### Your assignment
Please write each record out again word for word.
####
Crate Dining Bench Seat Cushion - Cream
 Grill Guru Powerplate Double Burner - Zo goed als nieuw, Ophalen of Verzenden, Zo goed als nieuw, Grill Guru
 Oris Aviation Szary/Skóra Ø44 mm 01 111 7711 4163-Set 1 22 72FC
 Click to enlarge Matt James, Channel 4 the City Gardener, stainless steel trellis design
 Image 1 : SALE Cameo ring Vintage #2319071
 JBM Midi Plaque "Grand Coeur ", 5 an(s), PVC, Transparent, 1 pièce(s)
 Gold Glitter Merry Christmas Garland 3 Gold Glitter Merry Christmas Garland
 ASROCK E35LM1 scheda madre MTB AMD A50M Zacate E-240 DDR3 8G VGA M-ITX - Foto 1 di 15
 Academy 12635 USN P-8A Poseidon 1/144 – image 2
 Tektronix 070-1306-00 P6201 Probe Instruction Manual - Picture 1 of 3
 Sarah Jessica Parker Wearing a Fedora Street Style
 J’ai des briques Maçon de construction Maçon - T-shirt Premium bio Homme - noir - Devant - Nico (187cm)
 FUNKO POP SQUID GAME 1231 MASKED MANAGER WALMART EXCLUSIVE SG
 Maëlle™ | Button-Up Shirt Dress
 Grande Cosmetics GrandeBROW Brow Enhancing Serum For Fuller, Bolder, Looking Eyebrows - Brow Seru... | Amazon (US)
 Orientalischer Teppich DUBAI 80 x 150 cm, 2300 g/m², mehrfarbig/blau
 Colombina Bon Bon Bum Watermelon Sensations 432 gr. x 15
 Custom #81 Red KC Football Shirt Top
####
### Solution for this problem
Crate Dining Bench Seat Cushion - Cream
 Grill Guru Powerplate Double Burner - Zo goed als nieuw, Ophalen of Verzenden, Zo goed als nieuw, Grill Guru
 Oris Aviation Szary/Skóra Ø44 mm 01 111 7711 4163-Set 1 22 72FC
 Click to enlarge Matt James, Channel 4 the City Gardener, stainless steel trellis design
 Image 1 : SALE Cameo ring Vintage #2319071
 JBM Midi Plaque "Grand Coeur ", 5 an(s), PVC, Transparent, 1 pièce(s)
 Gold Glitter Merry Christmas Garland 3 Gold Glitter Merry Christmas Garland
 ASROCK E35LM1 scheda madre MTB AMD A50M Zacate E-240 DDR3 8G VGA M-ITX - Foto 1 di 15
 Academy 12635 USN P-8A Poseidon 1/144 – image 2
 Tektronix 070-1306-00 P6201 Probe Instruction Manual - Picture 1 of 3
 Sarah Jessica Parker Wearing a Fedora Street Style
 J’ai des briques Maçon de construction Maçon - T-shirt Premium bio Homme - noir - Devant - Nico (187cm)
 FUNKO POP SQUID GAME 1231 MASKED MANAGER WALMART EXCLUSIVE SG
 Maëlle™ | Button-Up Shirt Dress
 Grande Cosmetics GrandeBROW Brow Enhancing Serum For Fuller, Bolder, Looking Eyebrows - Brow Seru... | Amazon (US)
 Orientalischer Teppich DUBAI 80 x 150 cm, 2300 g/m², mehrfarbig/blau
 Colombina Bon Bon Bum Watermelon Sensations 432 gr. x 15
 Custom #81 Red KC Football Shirt Top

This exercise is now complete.